Poetry in McGregor recently held two Literary Aperitifs at Woodlands Eatery in Cape Town. These were in anticipation of the forthcoming poetry festival which will take place on the weekend of 19 November this year.

The first Literary Aperitif was called Dinner-For-Two-Or-One-Or-More. Here we celebrated the lives of Candy Rohde, Bernard Levinson, Chris Mann and Hugh Hodge—four South African poets of note—by reading a selection of their poems.

We also celebrated the life of Michael Pettit, enthusiast of all things poetic, culinary and operatic, who was a behind-the-scenes anchor of all our Poetry in McGregor Festivals. These five creative persons died in the past year or so, leaving many bereft and sad.

Our second Literary Aperitif was called Masked Portraiture and the poems were very much like paintings and photographs, facial reportage and reflections on the scaffolding of personal character. The choice of poems for both events was made with cognisance of the long period of isolated living we’ve endured, under the shadow of pestilence, in the grip of curfews and lockdowns.
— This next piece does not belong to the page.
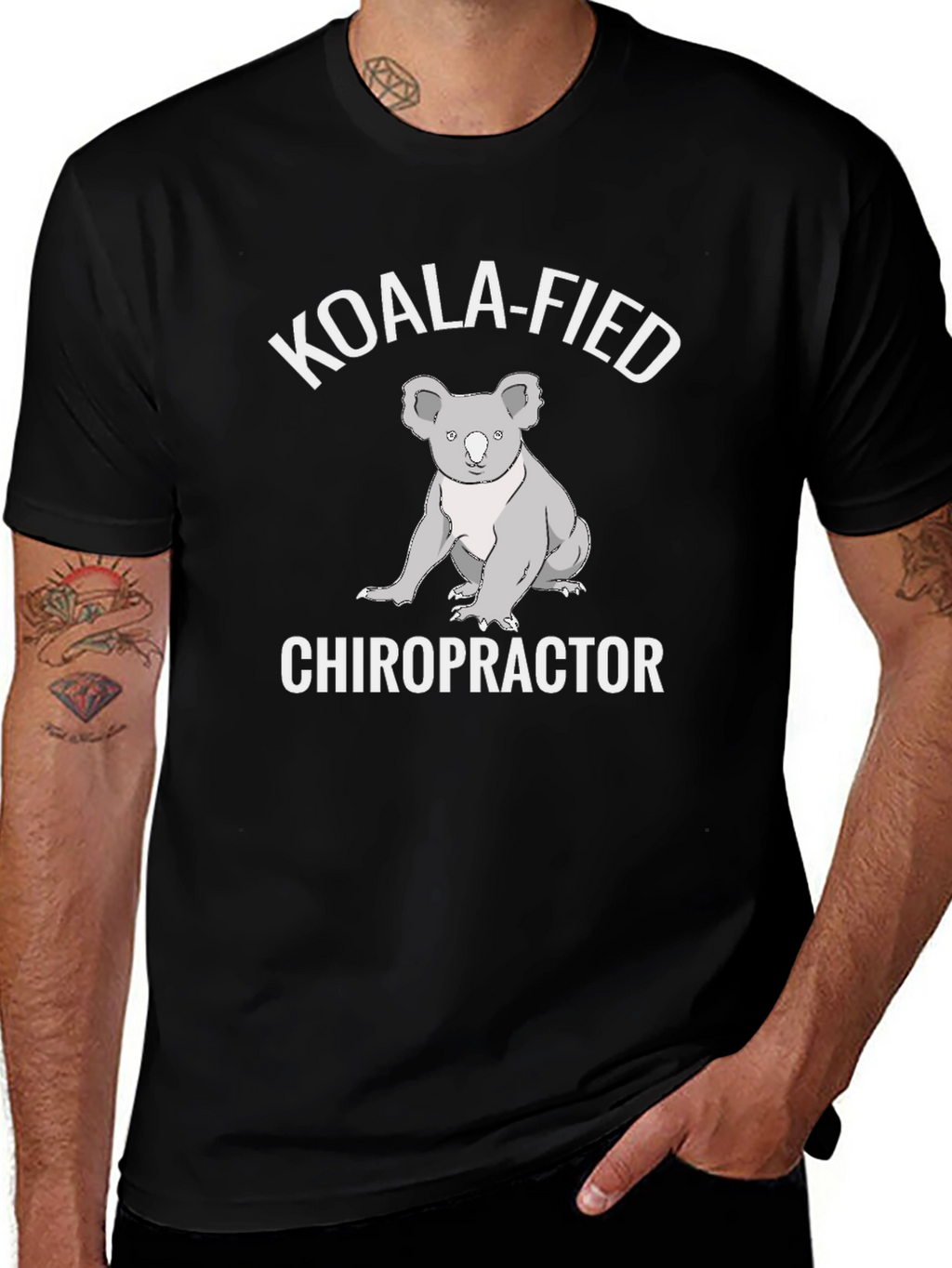 Koala-Fied Chiropractor Graphic Tee - Soft Cotton Shirt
They also take note of how we’ve been made abruptly aware of our mortality.

Through the ‘Covid situation’ we have come to realise that few of us understand the intrinsic mystery of life.

And that all of us fail to understand the selection process and timing by which the Angel of Death reaps.

Our certainty is that all are born.

And that all will, in turn, depart this life.

Some go first and others are left to mourn.

The Time of Covid, which has spanned nearly two years, has given us an acute appreciation of life and its fragility.

It has inspired a new valuation of others, of friendship, of the ending of days, of love, of healing and of regeneration.

We have become aware that we can take nothing with us when we die, except the value of the inner light we have cultivated.

Perhaps this Time of Covid has allowed forgiveness to surface in our repertoire of emotions.

Perhaps it has made us look at what we bequeath to others.

These dear poets whom we celebrated at our Literary Aperitifs, bequeathed us their words, their ponderings, their perceptions of beauty, their own preoccupations with life and death.

They left us expressions to savour as we travel our metaphorical and actual life-journeys from beginning to end.

They remind us that poetry serves well as an elixir in the refurbishment of the human heart, in the distillation of Hope, and in the administration of Love.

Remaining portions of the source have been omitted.